All of these noises and sights are no different for senior wide receiver Jonathan Epps. The only difference is instead of football pads, he’s now in track spikes and rather than big players in a secondary running after him, he now has slender, toned teammates running with him.
Epps has eased into the track and field world quite smoothly. It helps having a track background, but it also helps that he’s just naturally quick.
In his final football season with ACU, Epps had 464 receiving yards and earned second team all-Southland Conference at punt return and 2015 return specialist.
At 5-feet-9-inch, 170 lbs., the New Orleans native is a little stockier than most sprinters, but that doesn’t mean he’s counting himself out.
“I’m really competitive and I know I haven’t done track in a while but I always believe in myself,” Epps said, “I have to remind myself I’m not doing it to get personal records every time out, but to prepare myself for football.”

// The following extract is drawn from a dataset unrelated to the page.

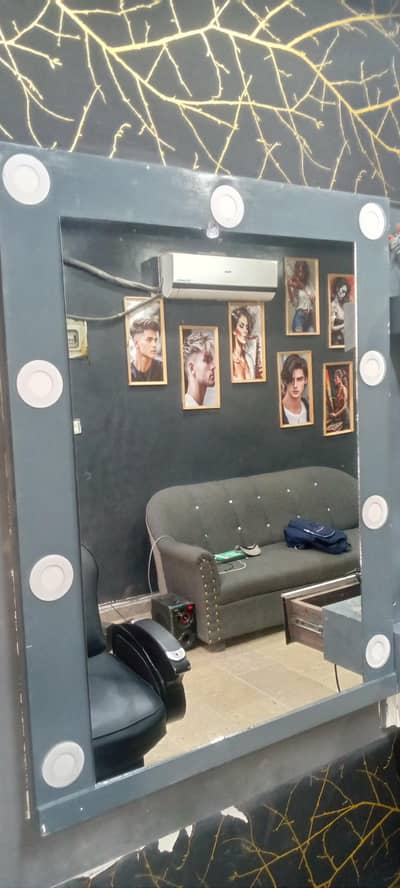 Mirror with wooden frame and led lights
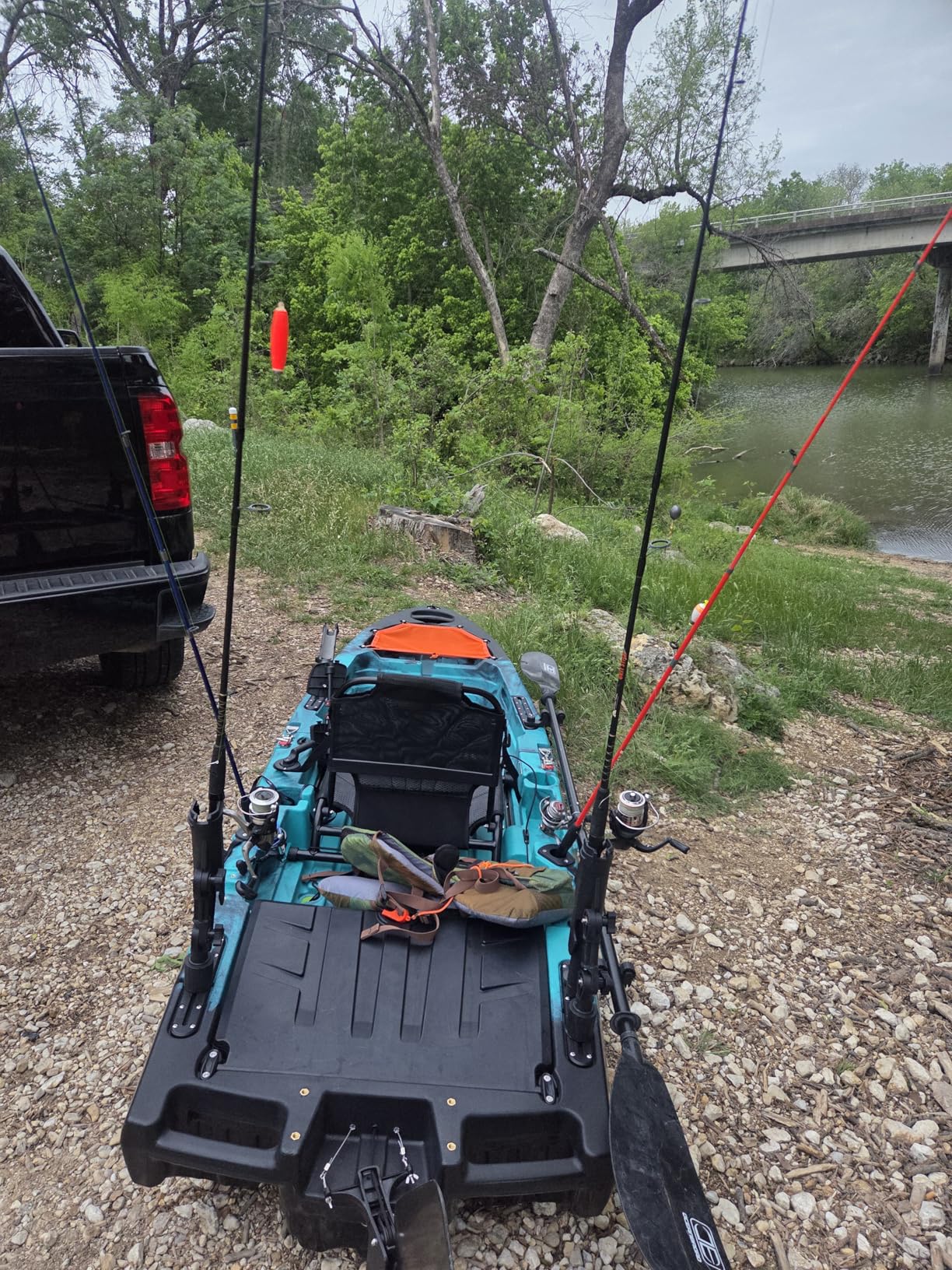 Albott Modular Fishing Kayak with Drive System & Durable HDPE, Customizable Lightweight Sit-on-Top Kayak for Youth & Adult customer photo 1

Being in the middle of training for any sport is hard. Add training to go into the professional realm of that sport and you have a fairly intense regime to stick to. Epps is in the middle of training for ACU’s pro day as well as the combine in Houston.
As random as it may look to the outside for a football player to cross over into the track world, for Epps, it just seems right.
“I ran in high school and then stopped because it wasn’t offered at Tyler junior college,” Epps said, “Coach [Ken Collums] wouldn’t let me join last year because he didn’t want me to get hurt so this is my first year back in a while.”
Despite spending so much time off from running, Epps rarely takes time off from practices.
“I work out up to four times a day,” Epps said. “Football is fast paced but you get some rest periods. Track is just go-go-go.”
The track and field program is coming off of a conference title win thanks to the women’s cross country team back in the fall coupled with a strong showing at Texas A&M this past weekend for the first meet of the indoor season. They competed against some of the top teams in the nation, with athletes claiming top-10 finishes in a variety of events.
Epps competed in the 60m, which can arguably be seen as one of the most competitive races during indoor season.
“It was a little nerve racking,” said Epps, in regard to lining up next to some of the best in the collegiate world of track. “But once I got in the blocks and started warming up, I settled down a little bit.”
With his first meet under his belt and unsatisfied with his time, Epps is looking forward to competing in two weeks at the University of Houston. He’ll race in the 60m as well as the 200m.
“Combine training is the number one goal,” Epps said. “But that doesn’t mean I’m going to be selfish and run a slow time. I also want to help the team. They’re taking the time to help me.”
Epps is in the right spot when it comes to growth. The ACU track program has seen an increase in recruits as well as performances since the transition into Div. I three years ago. The once-powerhouse of track in Texas is back on path to reclaim it’s title.
As for Epps, he’s definitely preparing for what may come in the future. But he also hasn’t lost sight of what’s right in front of him.
“I’m living in the moment and enjoying myself,” Epps said. “To be blessed with the ability to run and be a two-sport athlete is great. Living in the moment is what I’ve learned to do.”